What the task asks » Each line of data below must be printed exactly as written, with any pictures removed.
[[ Data excerpt open ]]
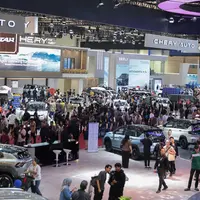 Panduan Lengkap ke GIIAS 2026, Tiket, Rute, Parkir, Shuttle Bus, dan Tips Berkunjung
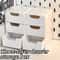 Compact Drawer Storage Organizer Desktop Storage Box Stationery Holder 2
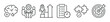 © Abbasy  Kautsar - Project thin line icon set. Web minimal editable stroke icons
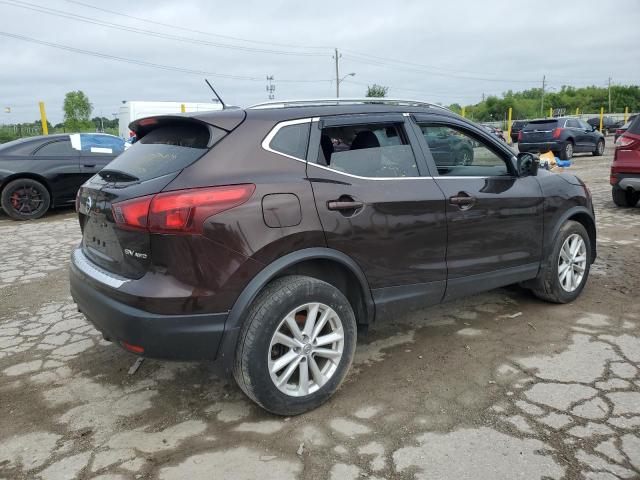 Продажа на аукционе авто 2017 Nissan Rogue Sport, vin: JN1BJ1CR5HW102900, номер лота: 65081865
[[ Data excerpt closed ]]
Task result »
 Panduan Lengkap ke GIIAS 2026, Tiket, Rute, Parkir, Shuttle Bus, dan Tips Berkunjung
 Compact Drawer Storage Organizer Desktop Storage Box Stationery Holder 2
 © Abbasy  Kautsar - Project thin line icon set. Web minimal editable stroke icons
 Продажа на аукционе авто 2017 Nissan Rogue Sport, vin: JN1BJ1CR5HW102900, номер лота: 65081865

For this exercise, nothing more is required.